How long will it take an energy-efficient washer/dryer to pay for itself?

The big cost in washing clothes is heating the water, so if you really want to save money, use less hot water

Handout/Sears, Roebuck and Co./Reuters/File
A Kenmore energy-efficient washer and dryer from sears. If you really want to save money on your energy bill doing laundry, turn down your water heater.

Saving Pennies or Dollars is a new semi-regular series on The Simple Dollar, inspired by a great discussion on The Simple Dollar’s Facebook page concerning frugal tactics that might not really save that much money. I’m going to take some of the scenarios described by the readers there and try to break down the numbers to see if the savings is really worth the time invested.

Aimee writes in: how many loads of laundry do i need to do to have an energy efficient pay for itself?

Obviously, this is going to vary quite a lot depending on the specific “normal” washing machine and the specific high-efficiency washing machine. I’ll go into the calculations using some aggregated statistics to show how many loads, on average, you’d have to do in a high-efficiency machine to make up for the extra cost.

CNet reports that you can buy a normal top-loading washing machine for $300-$650 and a high-efficiency machine for $600-$1,600. We’ll take the 40th percentile in both ranges, as it will more or less average the ones readers might actually buy and ignore the very high end ones with unnecessary bells and whistles.
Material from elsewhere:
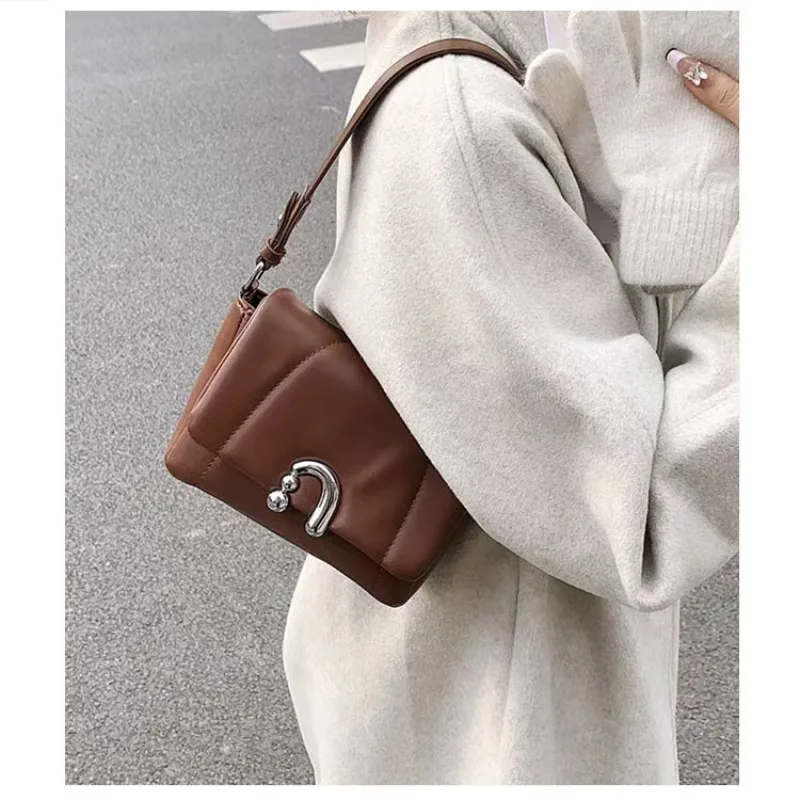 

2023Fashion Trend New Women's Bag Exquisite Hand-held Floral Roll Bag High-end Exquisite Niche Shoulder Bag Diamond Underarm Bag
This means we’ll be using a cost of $440 for the normal machine and $1,000 for the high-efficiency machine. That’s a difference of $560.

What about energy and water use? I used the energy calculator on the Mr. Electricity site and calculated that a top-loading (normal) washer would use $0.62 in energy and water per load, while a front-loading (high-efficiency) washer would use $0.41 in energy and water per load. I assumed that you’d be doing equal amounts of hot, warm, and cold washing and an electric water heater with a cost of $0.12 per kilowatt hour in obtaining those numbers.

That means, for each load of laundry done, a high-efficiency washer would save you $0.21 per load.

At a rate of $0.21 per load, you’d have to do 2,667 loads to make the high efficiency washer worthwhile.

That’s a lot of loads at first glance. However, the average American household does almost 400 loads per year, which means you’d be at that level in about six and a half years.

Of course, much of this calculation is dependent on the exact numbers used. Let’s say, for example, you’re comparing the lowest-end top loader with the lowest-end front loader, you’d have a difference of $300 instead of $560. That would only require you to do 1,428 loads to catch up. That’s about three and a half years.

Let’s say you’re living in an area with an energy cost of $0.15 per kilowatt hour. Your savings per load would jump to $0.22 per load, requiring you to have to do only 1,364 loads to catch up. You’re getting down to three years and a few months.

Here’s the real truth: the big cost in washing clothes is the cost of heating the water. If you want to start saving money on each of your laundry loads, the best way to start is to minimize your cost of heating your water. A simple step would be to turn down the heat level on your water heater. A more drastic (and expensive up front) step that would save money in the long run is to use a tankless water heater.

For me, it would come down to cash on hand. If I were buying on credit, I would get the least expensive washing machine I could, as the interest on credit card debt destroys any energy efficiency savings I might get. If I were paying cash and could afford either option, though, I’d get a reliable energy efficient one, sticking with recommendations from Consumer Reports.